I gasped for air the same way then as I do now. I’ve grown accustomed to gripes about Vick and his woes, but it can’t shake my faith. That faith doesn’t rest in the quarterback’s ability to win a Super Bowl. Rather, it’s a deep-rooted belief that when the going gets tough, there will be a moment when he takes off and changes his team’s fortune immediately.

His gallops will weave in and out, and he’ll endure one of the brutal hits to the ribs that makes you wonder why he won’t slide. I don’t know why he refuses to slide, but I would guess it’s because sliding takes planning. For Michael Vick – the one I saw then and the one I see now – planning is a mere afterthought.

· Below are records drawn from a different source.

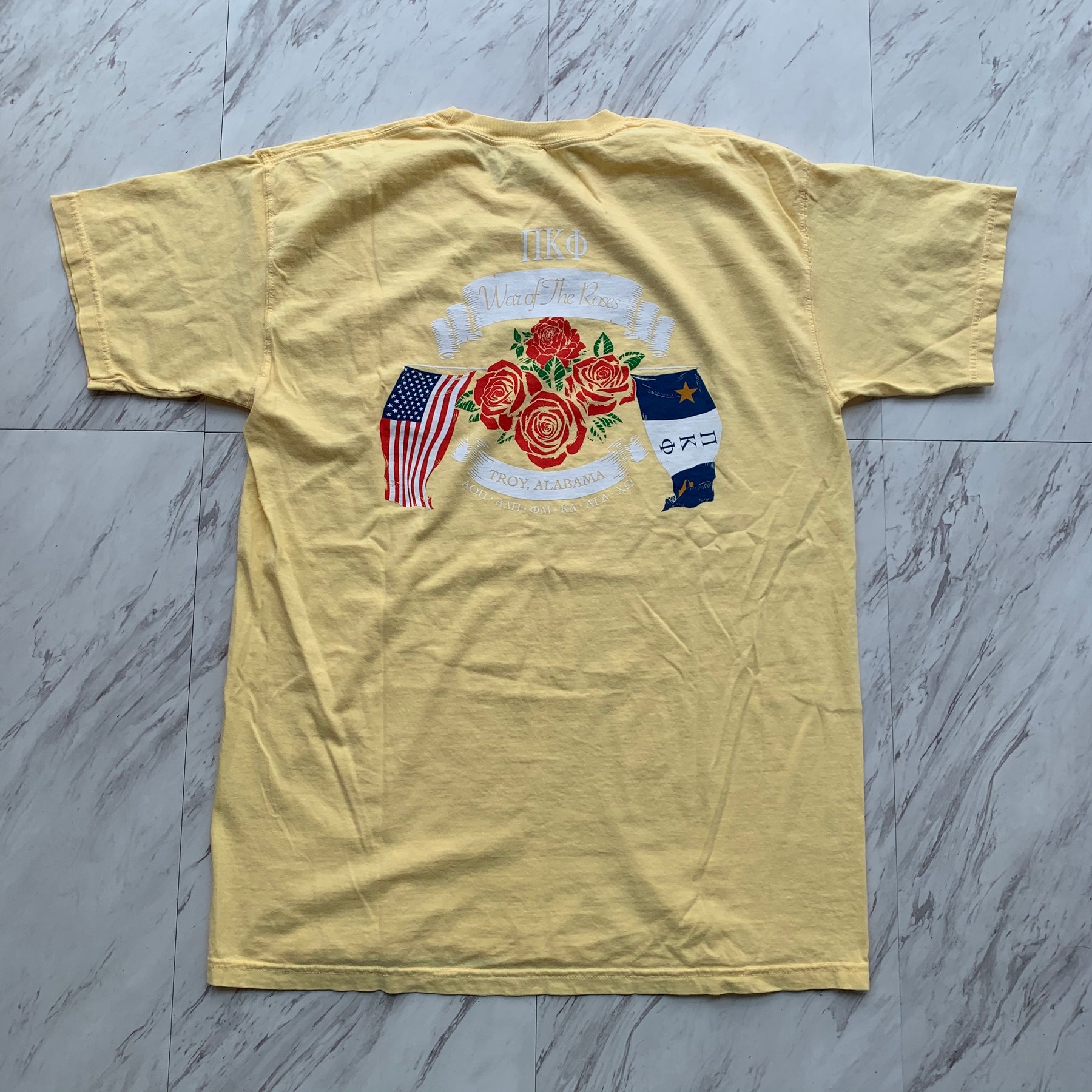 Pi Kappa Phi War Of The Roses Yellow Tee – Frattire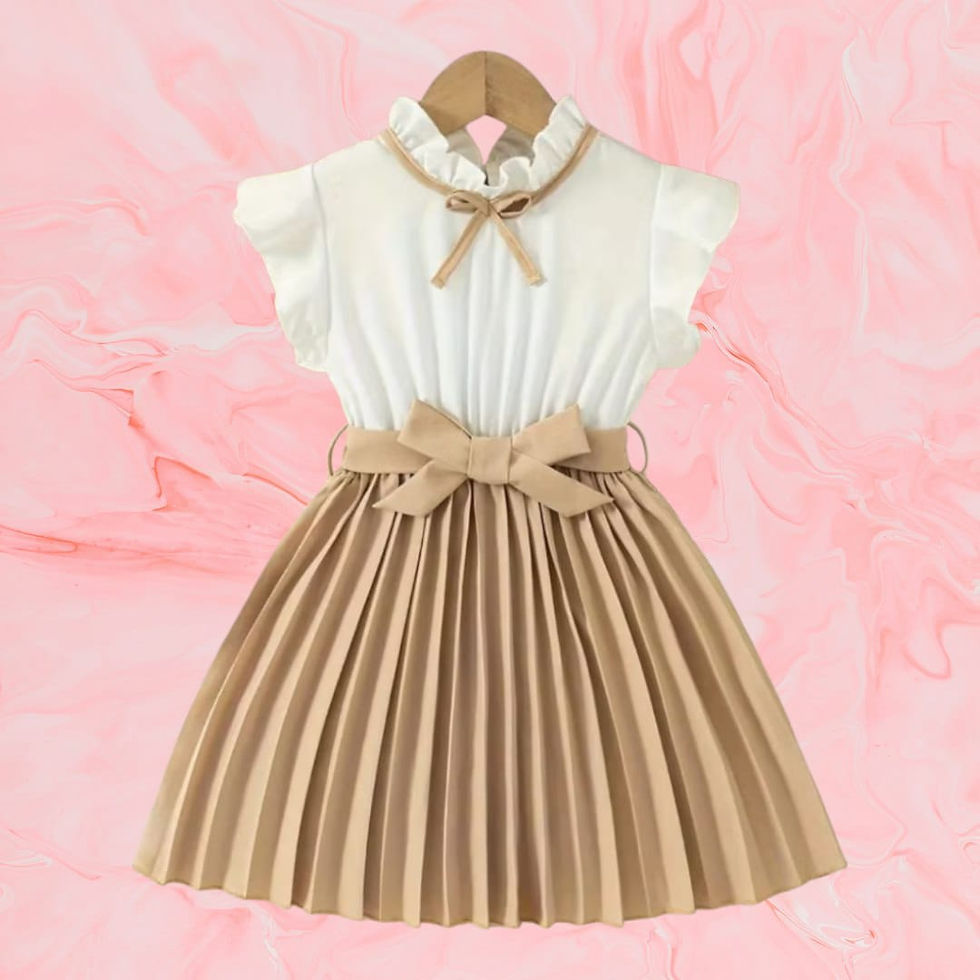Miniatura: Vestido princesa saia plissada infantil e juvenil para todas as ocasiões.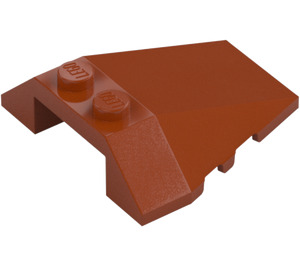 LEGO Dark Orange Wedge 4 x 4 Triple with Stud Notches (48933)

It’s not on his mind. Instead, he likely grabs the feeling deep down that he can still avoid the last three defenders. He thinks can leap over or run around the guy in front of him. That’s what makes Vick an addiction I just can’t shake. His play and tendencies are as unpredictable as the moment he changed the way I saw the game. But, he plays with a warrior-like mentality that he’ll never quite give up. He thinks he can do it by himself, just one more time. There’s something admirable in that.

Depression over my top moment is a worry for another soul in another jersey. There’s nothing to regret about realizing the poetry in motion that Vick brought to my life, my eyes and my heart. With a quick move, he did enough. With blazing speed, he did more. With a rocket arm, he took the cake.

Regardless of Vick’s final endeavors, I know I was there and I know what I witnessed. It was pure, sublime and emotional. He scampered away with whatever awaited me as the greatest sports moment I’d seen. He simply ran down that field holding the ball like a Frisbee. He ran into the end zone, away from lesser opponents. He ran and ran, got caged, and ran some more.

When you see the moment that you’ll never lose – the one you’ll always cherish – you can’t get rid of it. That would mean sacrificing a part of you that’s too valuable to lose. It’s freedom and captivity, love and pain, and everything in between. It’s a number seven sprinting for the goal line. It’s a kid and a seat and a gasp. It’s something I haven’t seen since and won’t see again. It’s Vick and I, destined to share a sunny Saturday afternoon forever. For all the unpredictability he brings to life, he’s also removed all doubt of legacy to me.

He’s Michael Vick. I’ll never see another thing like him as long as I live. It’s a complicated concept that could span hours of conversation and research. On and on I could go, adding up stats and watching replays of the career that could have been. The career that should have been, or the one that simply was.

That would waste my time. It only took one play.